■ Task ■
When copying the data below, keep only the lines from the one with "LOVEVOOK Laptop Backpack" through the one with "graffiti - Sweat", word for word, and skip the pictures.

■ Records for processing ■
● ● ● ● ● ● ●
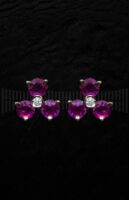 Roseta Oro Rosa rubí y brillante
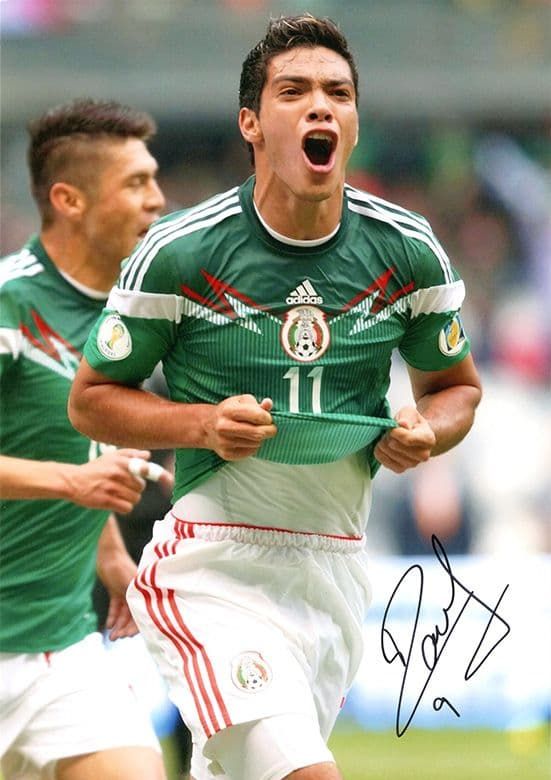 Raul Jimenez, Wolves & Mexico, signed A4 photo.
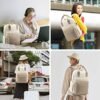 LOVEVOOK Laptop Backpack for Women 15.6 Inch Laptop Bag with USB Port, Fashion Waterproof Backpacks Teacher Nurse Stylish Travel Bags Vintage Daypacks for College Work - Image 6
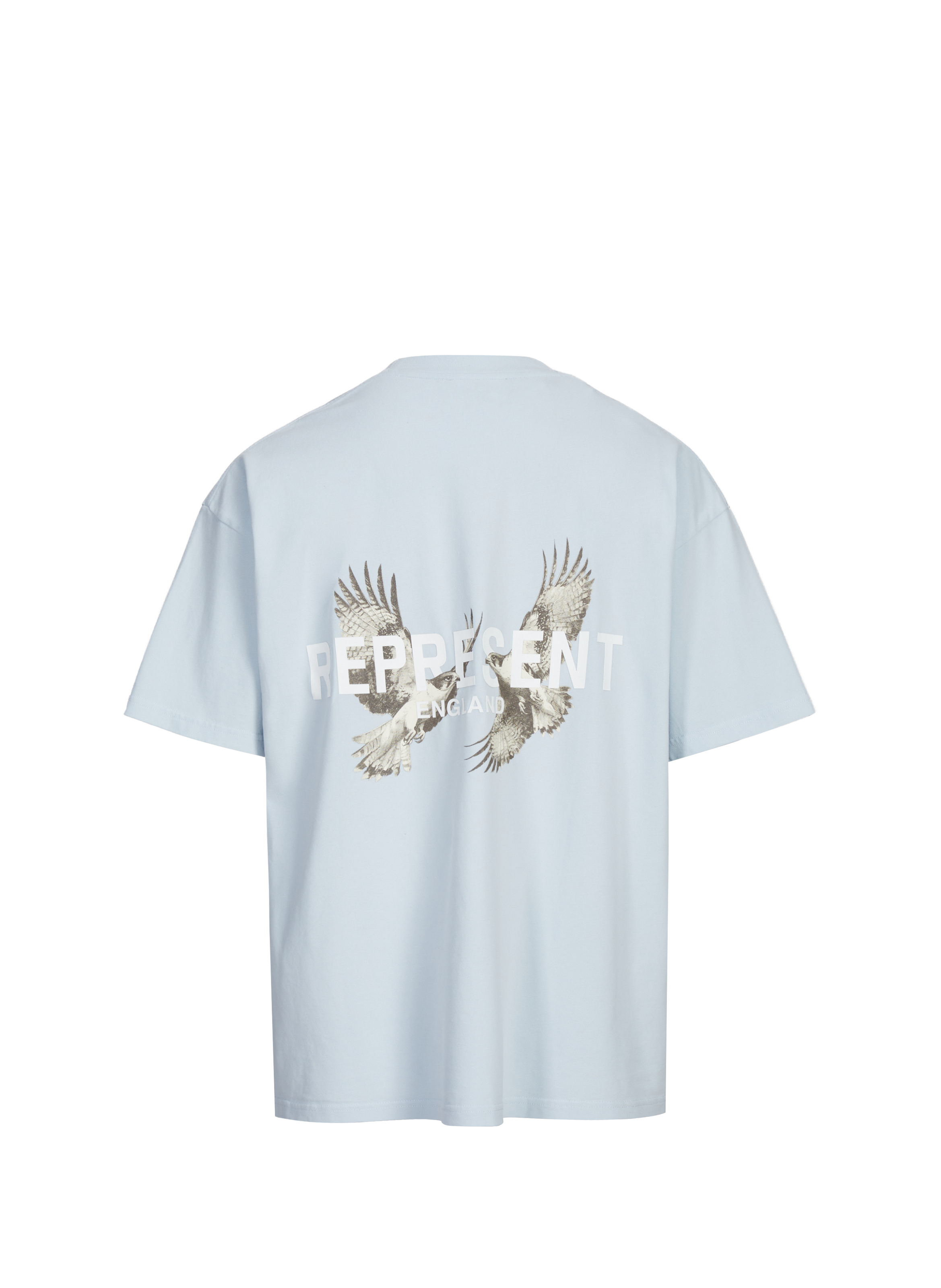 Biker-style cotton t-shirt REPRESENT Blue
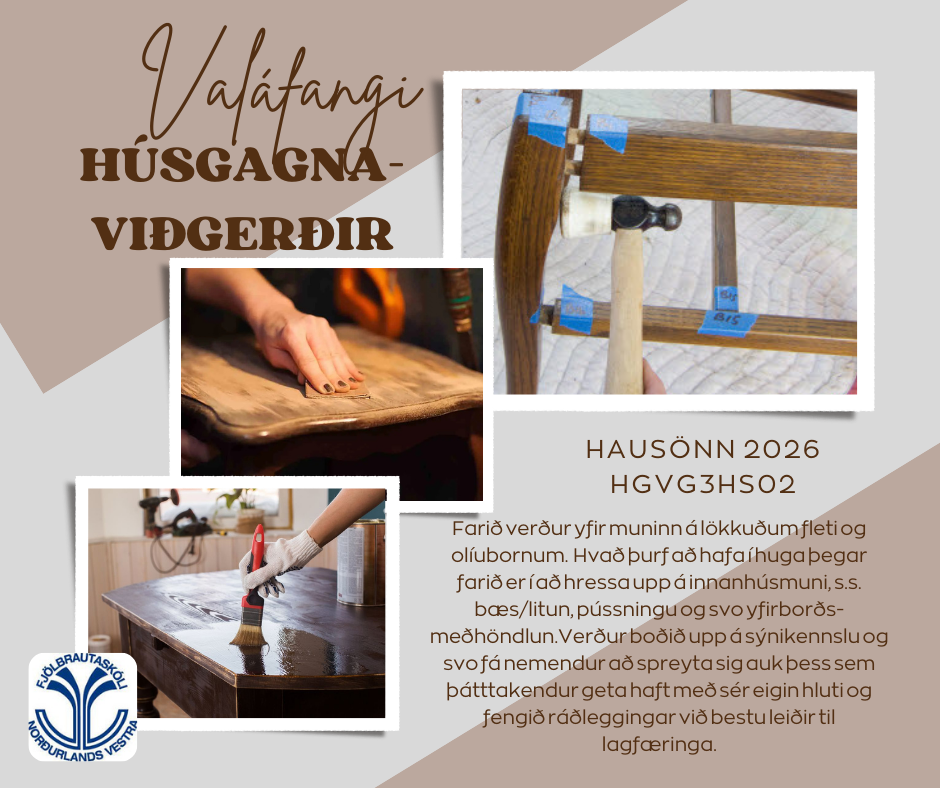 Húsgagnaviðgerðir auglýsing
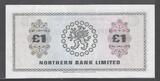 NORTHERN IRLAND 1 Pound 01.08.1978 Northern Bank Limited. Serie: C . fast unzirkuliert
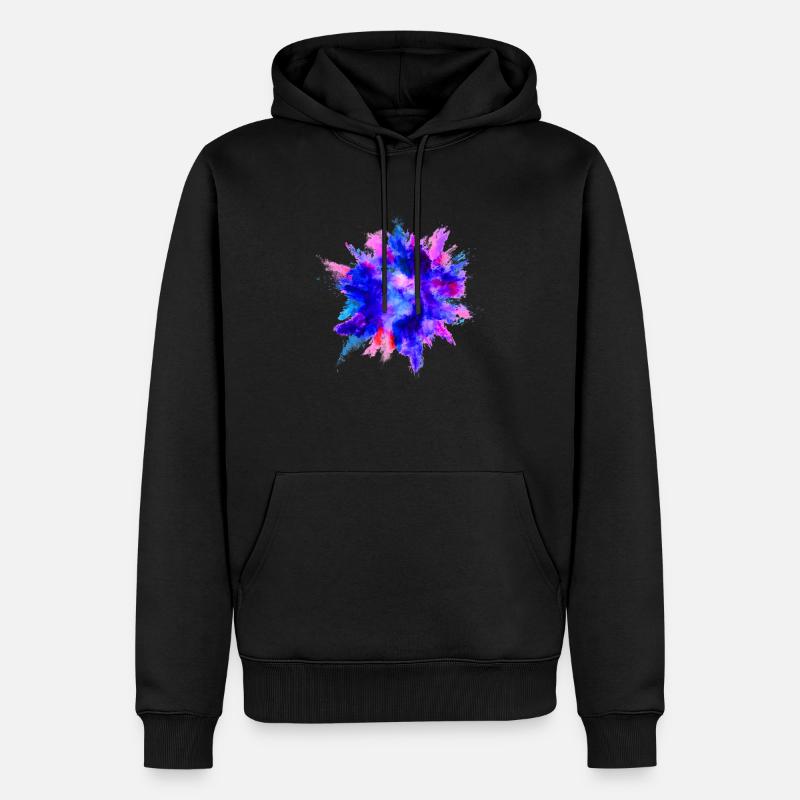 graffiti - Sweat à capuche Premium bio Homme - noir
● ● ● ● ● ● ●
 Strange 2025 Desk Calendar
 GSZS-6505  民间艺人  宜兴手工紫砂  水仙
● ● ● ● ● ● ●
■ Result for this task ■
 LOVEVOOK Laptop Backpack for Women 15.6 Inch Laptop Bag with USB Port, Fashion Waterproof Backpacks Teacher Nurse Stylish Travel Bags Vintage Daypacks for College Work - Image 6
 Biker-style cotton t-shirt REPRESENT Blue
 Húsgagnaviðgerðir auglýsing
 NORTHERN IRLAND 1 Pound 01.08.1978 Northern Bank Limited. Serie: C . fast unzirkuliert
 graffiti - Sweat à capuche Premium bio Homme - noir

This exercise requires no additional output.